29. Echoing similar sentiments in Christopher Ndolo Mutuku & Another –vs- CFC Stanbic Bank Ltd (2015) eKLR, Gikonyo J. put it more aptly for our case as follows:-
“The Court is aware the Defendant has an unfettered right of appeal which it has sought to exercise. But that right has to be balanced against the right of the Plaintiff to equal treatment in law and to have his case determined without unreasonable delay. That Constitutional desire demands that proceedings should not be hindered without just and sufficient cause. That position of the law is informed by the principle of justice in Article 159 of the Constitution which expresses the now common principle of law known as the overriding objective of the law; that cases should be disposed of in a just, proportionate, expeditious and affordable manner.

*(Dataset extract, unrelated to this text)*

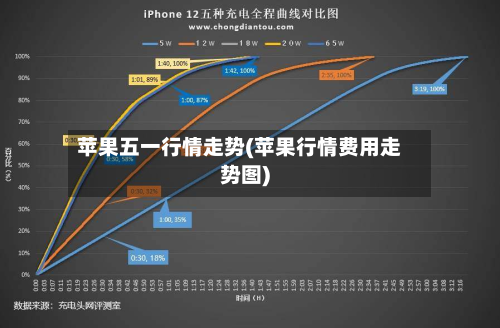 苹果五一行情走势(苹果行情费用走势图)-第3张图片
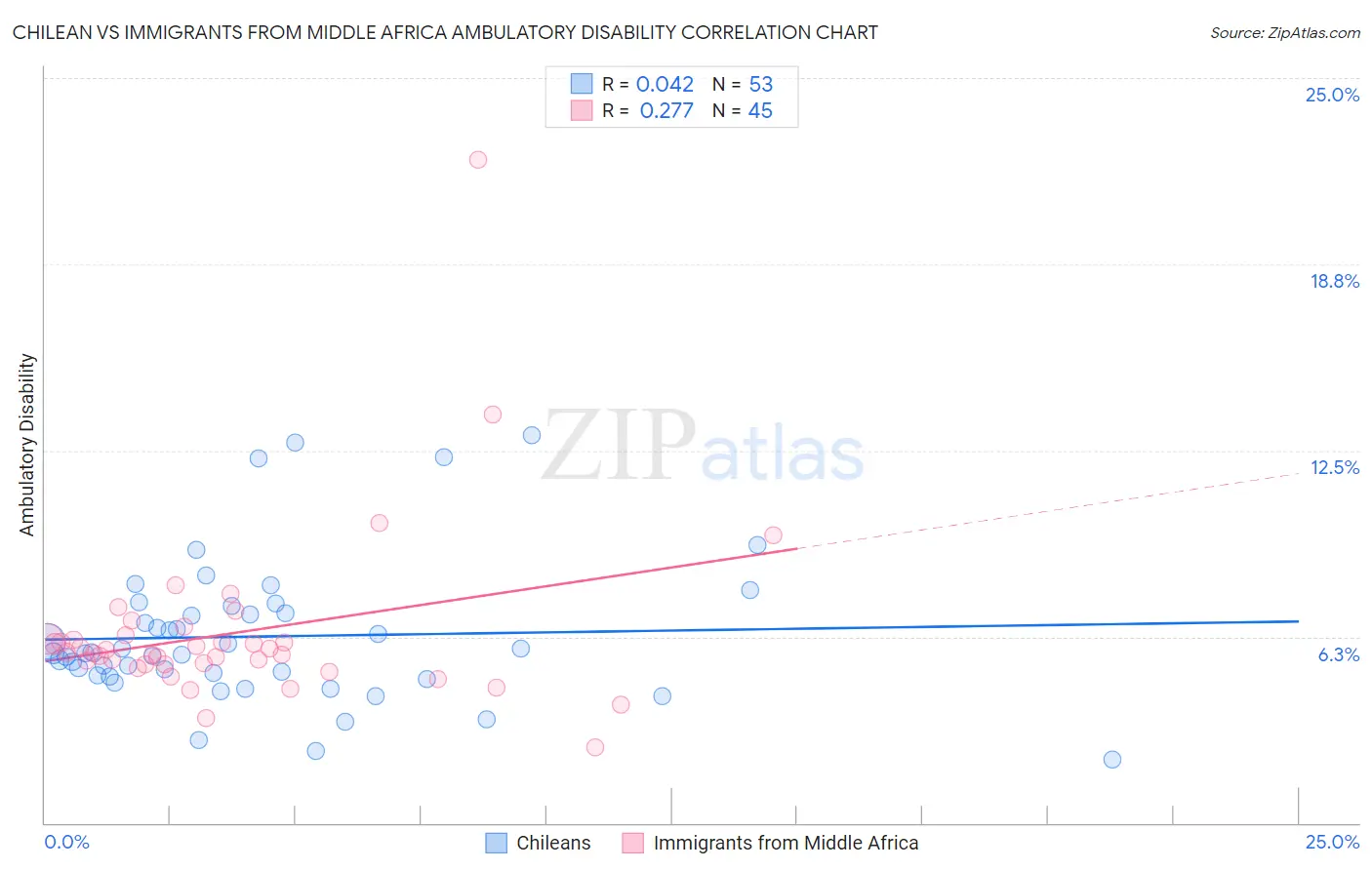 Chilean vs Immigrants from Middle Africa Ambulatory Disability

That explains why the law on stay of proceedings pending appeal will be concerned with the sole interest of justice to order a stay of proceedings.
30. In the circumstances of this case, I find and hold that the grant of stay of proceedings in a matter already concluded by the Tribunal while the Appellants’ right to appeal remains unfettered would go contrary to the principles enunciated under Article 159 of the Constitution in regard to the expeditious disposal of such proceedings.
31. Having made that finding, I did not consider it necessary at this stage to deal with the other matters raised by the parties in regard to the Appeal. The application dated 24th September 2018 is dismissed with costs to the Respondents.
Dated, signed and delivered at Malindi this 24th day of January, 2019.